At this point in my pregnancy, the monkey was on my back. Or in this case I suppose my "front" would be more appropriate. I was HUGE and gaining weight (abnormally) by the day. Each day they would wheel in my friend the "scale" and I would waddle on. The scale and I had a love/hate relationship. I loved it because it was my one excuse to get out of bed and walk to the far end of my room. I hated it because every morning for the last week of my pregnancy I had gained 3-5 pounds a day. Each day, I would ask the nurse weighing me in "Is that normal that I am gaining that much weight from day to day?" They would say "Oh honey, you're having triplets and it is probably just fluid - it will go away." Hmmm... I wasn't so convinced, but again I gave them the benefit of the doubt. After all, I was no nurse I was just held captive by nurses. :)

At this point in my pregnancy, I was tired of visitors. I, for the first time in my life, didn't want to see anybody. I had had a steady flow of visitors from the time I checked into the hospital. But, that last week, I was in LABOR! My contractions had sped up tremendously and this time they hurt. I do not think that people that stopped in even noticed that I was really uncomfortable. They were strong enough to take my breath away at times and I was not into what had become a PDL - public display of labor.
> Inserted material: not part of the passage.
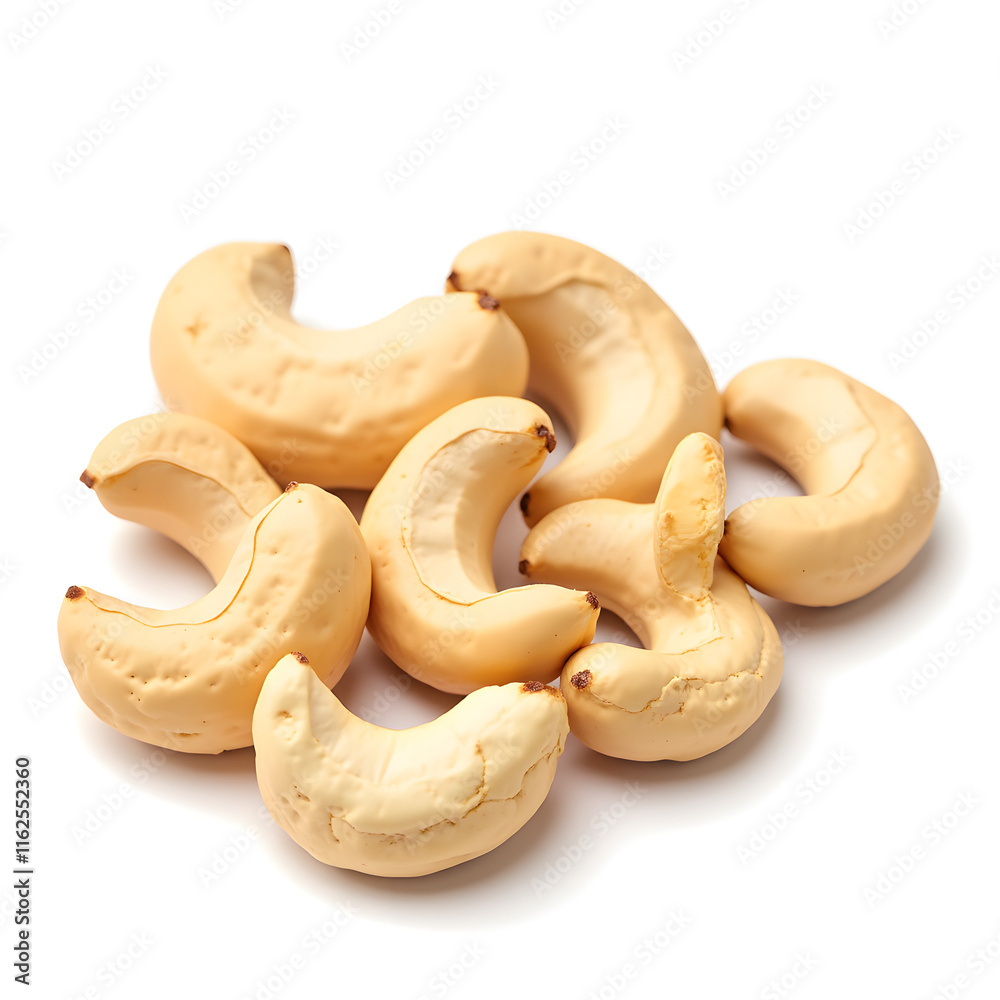 Delicious cashew nuts isolated on white background, clipping path, full depth of field. Delicious cashew nuts isolated on white background, clipping path, full depth of field.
I had too much on my mind to have a decent conversation with anyone. Well meaning people wanted to talk about normal things and I just couldn't do that. My mind was filled to the brim with questions and concerns? Why was I gaining so much weight each day? Is my heart having trouble again? Are my babies going to be born healthy? I cannot take another day laying on my back! I hate, hate, hate, using a POTTY CHAIR!

Oh yes, how could I forget...at this point in my pregnancy, I was FORCED to use a potty chair. Yes, folks I used one and it was as demeaning in real life as you can probably imagine. The chair in itself was not so bad. It's the "chair etiquette" that made using the chair so difficult. See, healthcare professionals are use to things like potty chairs, bed pans, bed baths, and things of this genre. Regular ole' 24 year olds used to using the restroom in the privacy of their home are not. And might I add, that the bathroom in my room was only about 20 feet from the edge of my bed. That was TOO FAR and they had cut me off. I was no longer allowed those 20 steps of freedom. It was the potty chair for me. It was bad enough to have to use one in the first place, but the offense came when people came in the room to discuss my healthcare while I was ON the chair. No boundaries. Nurses, doctors, cleaning ladies - yeah they all busted in ALL the time. While you would expect them to say "oh excuse me I will come back" - they never did. Apparently, "chair etiquette" is not taught in medical school.